The controversy over the scientist and his "pet ghost" has not been quieted to this day. One of the most common theories proposed by the detractors of the phenomena produced by Florence Cook is that Sir William Crookes fell in love with the 15-year-old medium and thereby became blinded to her trickery. Although the issue has been muddied by such charges, the experiments and reports of an illustrious scientist with the courage to bring his knowledge and training to psychic research stand as a matter of public record.
Florence Cook married Elgie Corner in 1874 and about the same time acquired a new spirit control named Marie, who followed in Katie King's ghostly footsteps by stepping out of the spirit cabinet, even singing and dancing to the delight of those clients assembled for a seance.

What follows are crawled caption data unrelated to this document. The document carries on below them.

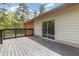 A wooden back deck with a sliding glass door offers outdoor living space at 3881 Moore Rd, Ellenwood, GA 30294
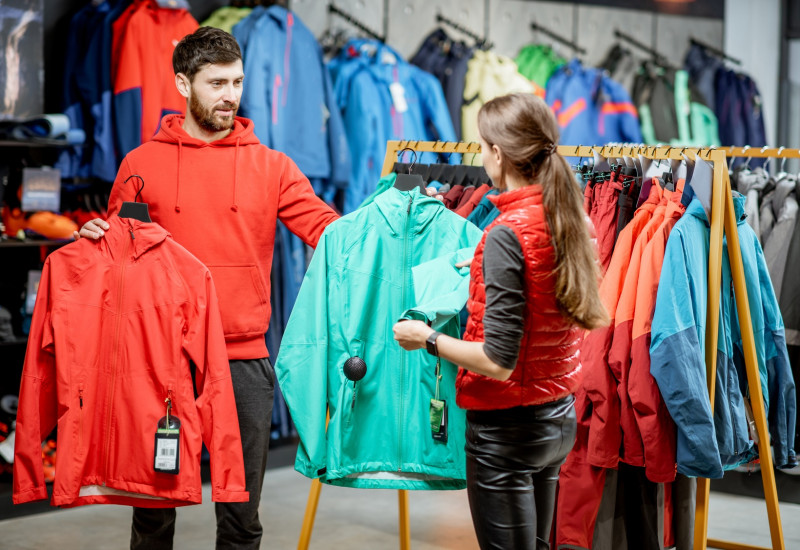 ein junges Pärchen sucht in einem Geschäft zusammen eine wetterfeste Jacke aus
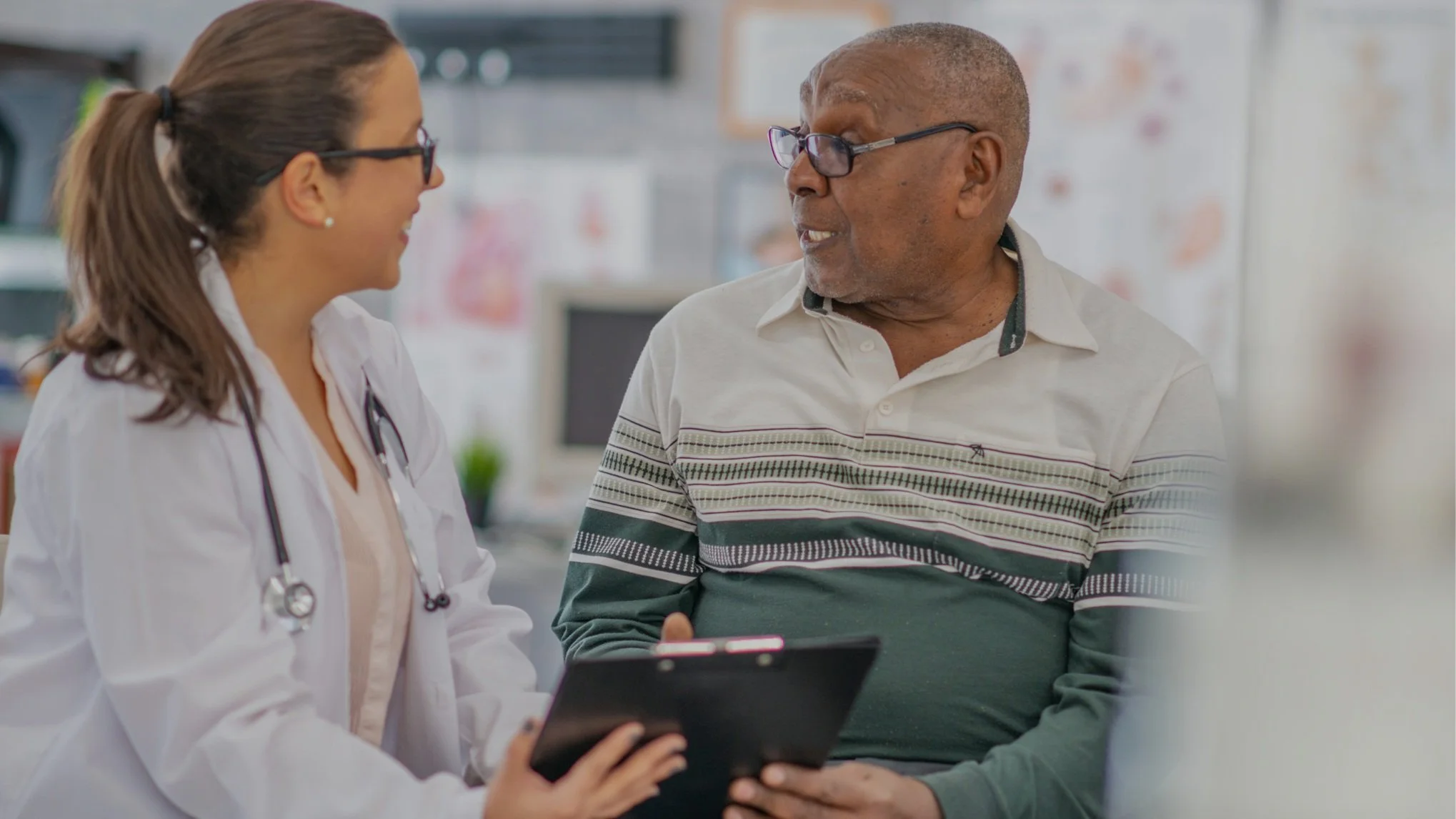 A female doctor and an elderly male patient having a conversation in a medical clinic, with the patient holding a tablet or clipboard.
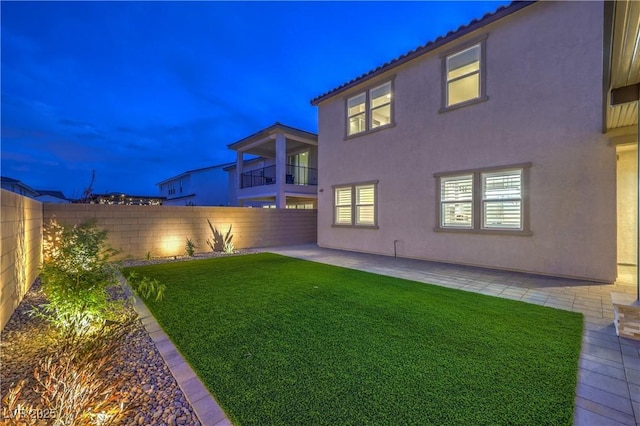 8984 Rolling Pietra St, Las Vegas, NV 89166 - yard at night featuring a fenced backyard, a patio, and a balcony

At a sitting on January 9, 1880, during a materialization seance, Sir George Sitwell reached into the spirit cabinet and grabbed Marie. When the lights came up, the lively spirit Marie was found to be the medium Cook clad only in her corsets and petticoat and wrapped in white drapery.
Apologists for the medium argue that all of the incredible phenomena produced by Florence Cook Corner and witnessed by numerous psychical researchers, including the eminent scientist Sir William Crookes, should not be dismissed because of one incident of cheating. Skeptics counter that all of Cook's mediumistic materializations of Katie King and Marie were really dramatic impersonations for true believers in Spiritualism and that Crookes had become too infatuated with the young medium to be effectively objective.
Cook withdrew from public mediumship until 1899, when she accepted an invitation from the Sphinx Society in Berlin to sit under test conditions and demonstrate her abilities. According to many observers, the remarkable phenomena that Cook produced during those tests went a long way toward clearing her somewhat tarnished reputation.
Sir William Crookes stoutly maintained that Florence Cook had produced genuine spirit phenomena under the strictest of controls imposed upon her. When he learned of her death, he expressed his deepest sympathy for her family in a letter dated April 24, 1904, and declared that for many people their belief in an afterlife was strengthened because of the mediumship of Florence Cook.